Cycling to school
By Zuhura Plummer
As we start a new school term, it’s a brilliant time to get the kids biking to school. ‘I save about two hours in a day,’ an Oxford mum tells me, when I ask how she feels about the change in the way her kids get to school. Samita’s girls have learnt to cycle, so can now they go to school without her. That saves her a huge ten hours a week of school-run time, which means she’s able to work more, and as a single mum this has really helped.
‘I don’t know what I would be doing now, if I didn’t have that extra bit of money coming in,’ she adds. ‘And I’m saving petrol from the four journeys a day I’m not doing. I honestly say the School Streets volunteers who taught my girls are angels. I didn’t think that when I first met them though. I thought it was a total pain – why were they making my life so much harder?
Now the girls are in the habit of cycling, I wouldn’t change it for the world.
Learning road skills
Samita’s youngest, Soraya, who is seven, was taught to ride a bike off road, by School Streets volunteers at St Ebbes. When she could manage cycling well, she was taught a route from her house to the school. She negotiates this ten-minute bike ride from home, near Donnington Bridge, carefully and competently. Cycling alongside some other kids and one parent, they use the crossing on the Abingdon Road and then take quieter back streets the rest of the way. As I cycled close behind her one wintery evening, with her lights and little helmet shining brightly, I noticed how she recognises give-way lines, road signs and junctions.
Samita continues: ‘Soraya knows what is going on – she looks around, she’s cautious, and she’s really good at riding. I feel like she is better off knowing how cars and streets work. Loads of kids now don’t have a clue and then suddenly are allowed out as teenagers and they don’t know a thing because they’ve been taken in the car every day.’
I’m inclined to agree. It’s a huge benefit to kids to learn and practise the basics of road safety. It’s all very well being taught, but actually using the skills – supervised until needed – brings another level of understanding that they’ll have for life.
Three quarters of children biked or walked to school in 1975, but now only half do.
This adds up to a lot of young adults who have been ferried around and so will have less intuition and spatial awareness when negotiating traffic, and life in general.
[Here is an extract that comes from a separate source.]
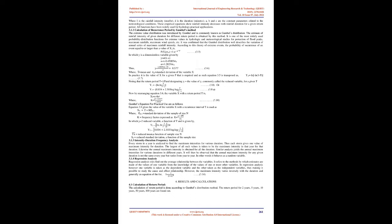This frequency analysis uses annual or seasonal maximum series, or independent values above a high threshold selected for different durations. IDF analysis takes into account the different durations in a single study, and prevents curves intersecting.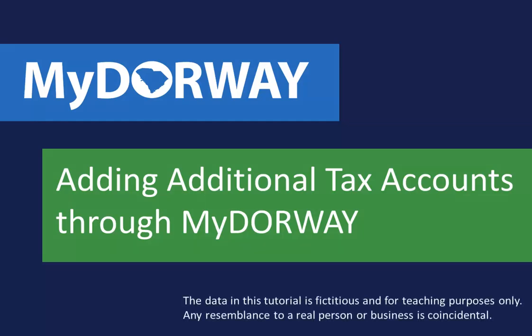Adding additional tax accounts to your business is easy and convenient through MyDoorway. If you are starting a brand new business and need to fill out the business tax application for the first time, please see the registering a new business on MyDoorway tutorial on our YouTube page for step-by-step instructions.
A win-win for kids’ health
Cycling to school is a bit of a silver bullet for kids. They move and exercise, it’s time when they can’t be in front of a screen, they see nature and the seasons changing, and they interact with adults and their own friends, forming social skills. They arrive at school better able to concentrate and learn, and the benefit of getting there actively is even more pronounced in kids with additional needs. According to one study, a 20-minute walk works wonders for kids with ADHD.
The biggest barrier to more children cycling or walking to school is the combination of parents lacking the time to go with them, but feeling afraid of cars hitting them if they go alone. For this reason, we need a range of policies and a lot of support to help bring about quieter roads – traffic free for those who need to drive, safer, nicer and less polluted for the many of us who can change to walking, cycling or getting the bus. It might seem like a bit more effort at first, but as Soraya and her mum found out, there can be some unexpected benefits.